閑話:僕の残念な友人※リッツ視点
ごぶ!ご無沙汰しております!
体調不良もあって、あまり書く時間を得られず……!
だって気温が寒くなったり暑くなったりするから……!
しかし重大なお知らせがありましたので、どうにか更新したくて閑話をあげることにしました。
そう、なんと、転生少女の履歴書の第6巻が6月30日(土)発売なのです!(テレーン)
もう今日じゃないか!
ということで、宣伝更新……!
楽しんでいただけたら幸いです。
時期的には、慰労祭のあたりの出来事です。
こちらの閑話は、もともと書籍に入れようかなと途中まで書いてたものなので、web版と比べてもしかしたら話の流れやキャラに違和感があるやも…一応修正してるので大丈夫だとは思いますがあったらすみません…!
そして貴重なリッツ閣下視点ですのでお気を付けください!
慰労会中は、大なり小なり様々な催しや祝宴が行われている。
今日は、アランにほぼ無理やり連れられてそのうちの一つに足を運んだ。
そこは商人ギルド関係の集まりで、商人を中心に商会で仕事をしている魔法使いも参加しているんだけど、正直僕らは完全に部外者だし、同じ年頃の人はあまりいなくて僕ら2人はかなり浮いている。辛い。

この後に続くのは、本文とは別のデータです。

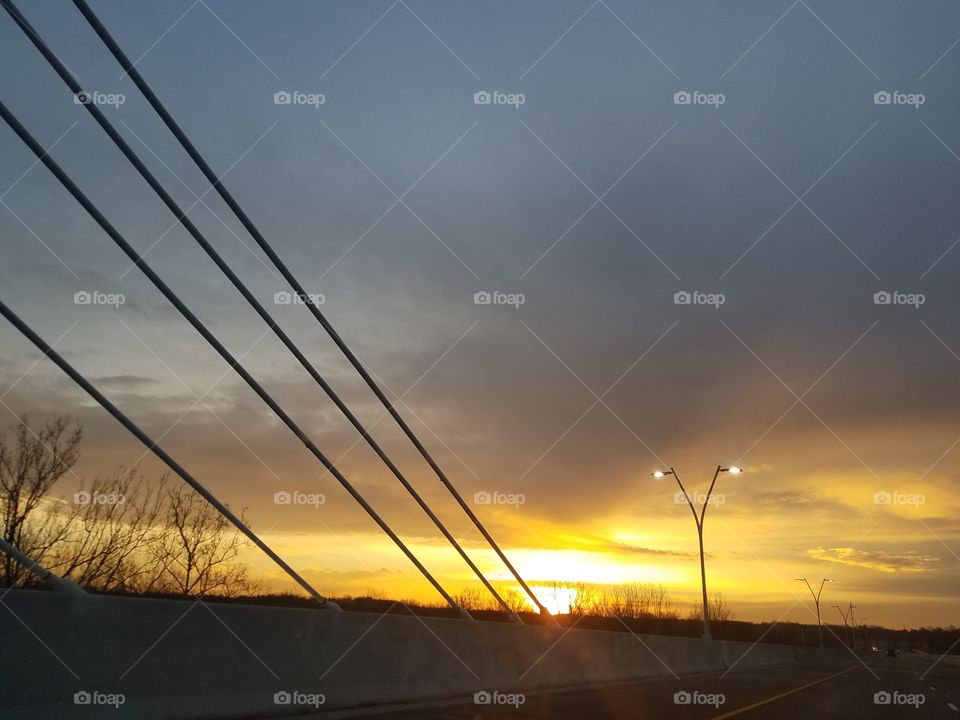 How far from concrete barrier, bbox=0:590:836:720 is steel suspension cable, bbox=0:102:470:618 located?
1328mm

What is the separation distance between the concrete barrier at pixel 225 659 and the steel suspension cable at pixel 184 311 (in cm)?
133

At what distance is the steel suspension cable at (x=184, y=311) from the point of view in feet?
26.0

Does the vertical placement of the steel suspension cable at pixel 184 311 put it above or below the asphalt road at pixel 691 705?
above

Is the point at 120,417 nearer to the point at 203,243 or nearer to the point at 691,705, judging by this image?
the point at 203,243

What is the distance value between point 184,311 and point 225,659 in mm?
4103

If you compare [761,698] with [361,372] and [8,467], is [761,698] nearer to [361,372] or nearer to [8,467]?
[361,372]

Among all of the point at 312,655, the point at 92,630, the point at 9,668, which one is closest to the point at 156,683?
the point at 92,630

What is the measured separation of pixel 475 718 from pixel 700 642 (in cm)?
2184

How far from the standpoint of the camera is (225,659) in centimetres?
848

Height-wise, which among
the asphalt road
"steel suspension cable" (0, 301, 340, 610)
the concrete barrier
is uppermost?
"steel suspension cable" (0, 301, 340, 610)

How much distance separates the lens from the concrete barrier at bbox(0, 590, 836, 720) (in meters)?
6.55

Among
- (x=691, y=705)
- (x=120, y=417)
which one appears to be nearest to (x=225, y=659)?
(x=120, y=417)

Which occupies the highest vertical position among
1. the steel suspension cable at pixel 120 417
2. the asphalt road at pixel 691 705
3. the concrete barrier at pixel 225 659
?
the steel suspension cable at pixel 120 417

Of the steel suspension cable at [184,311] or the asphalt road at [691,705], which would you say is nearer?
the steel suspension cable at [184,311]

ただ、アランが言うには、この会場にはリョウ嬢がいるらしい。
だからこそ、部外者なのにここにやってきたわけだけど……。
「ねえ、リョウ嬢とはどこで待ち合わせしてるの?」
会場に入るなりキョロキョロとあたりを見渡しながら歩くアランにそう声をかける。
アランは僕の方は見ずに口を開いた。
「特に待ち合わせはしてない。これから探す」
「これから……? 一応確認だけど、リョウ嬢は僕らがここにくることは知ってるんだよね?」
「いや、知らない。別に言ってないからな」
え……。
「あの、それって、リョウ嬢に声もかけずに勝手に僕たちここにきてるってこと?」
僕たち完全に部外者なのに?
商人ギルドと関係ないのに?
僕の当然の疑問にアランは純粋な瞳で頷いた。
「そうなるな。だが、リョウがここにきているのは間違いない。ちゃんと知り合いのツテを使って調べた」
知り合いのツテを使って調べたってどう言う意味!?
リョウ嬢とは別に知らない仲じゃないんだから、最初からリョウ嬢に確認すればよくない!?
なんだか頭が痛くなってきた……。
げんなりする僕とは違って、アランはそわそわと嬉しそうに辺りを見渡してリョウ嬢を探している。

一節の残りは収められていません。